:: Provided material

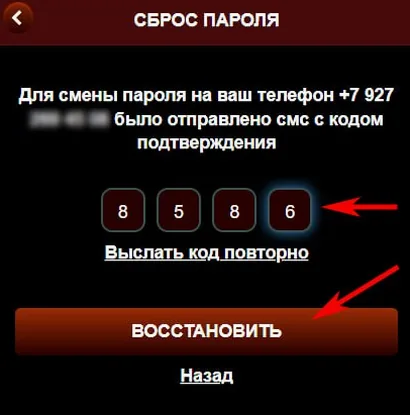 Экран ввода кода из СМС в полноэкранной форме ярлыка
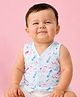Kidbea Bamboo Woven Sleeveless Crayons Printed Jhabla - Blue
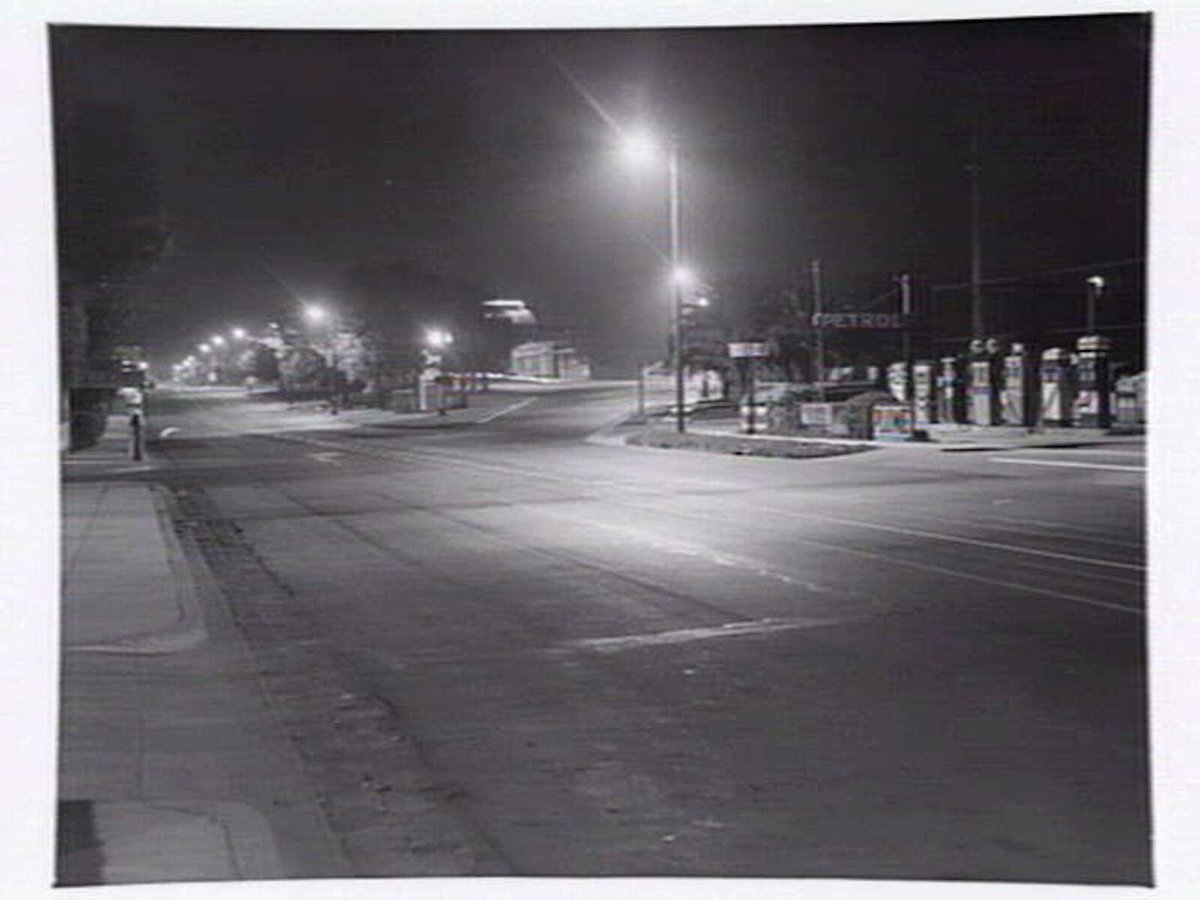 Maroondah Hwy., Box Hill at night (1949)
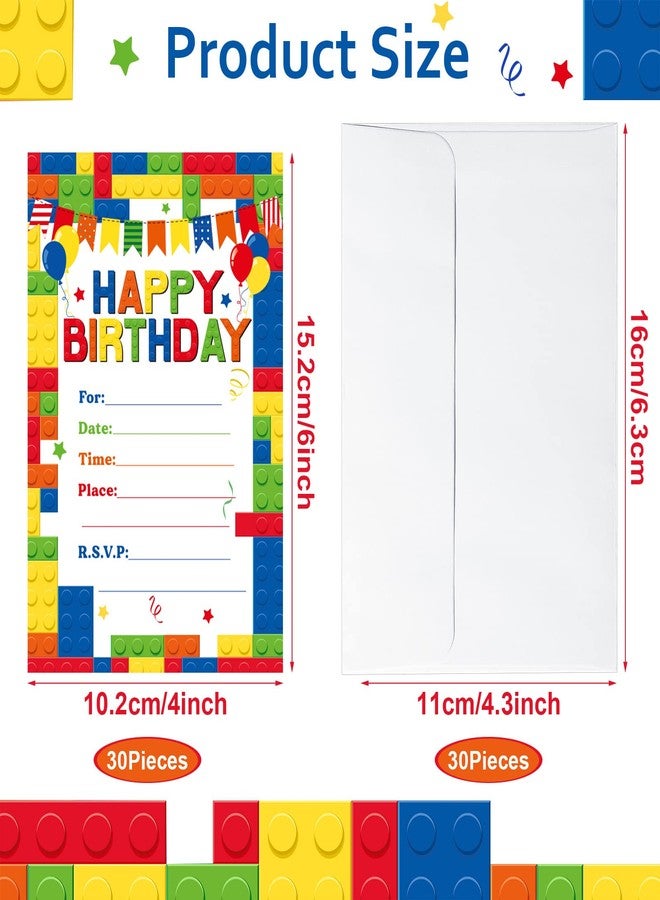 Nezyo 60 Pieces 30 Pack Birthday Party Invitations with Envelopes Bulk Colorful Building Block Party Invitation Kids Stacking Bricks Invite Card Set for Girls Boy Decorations Supplies (Building Block) - Image 2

::::

Exercise prompt. Transcribe all lines above exactly, skipping pictures.

Solution.
 Экран ввода кода из СМС в полноэкранной форме ярлыка
Kidbea Bamboo Woven Sleeveless Crayons Printed Jhabla - Blue
 Maroondah Hwy., Box Hill at night (1949)
 Nezyo 60 Pieces 30 Pack Birthday Party Invitations with Envelopes Bulk Colorful Building Block Party Invitation Kids Stacking Bricks Invite Card Set for Girls Boy Decorations Supplies (Building Block) - Image 2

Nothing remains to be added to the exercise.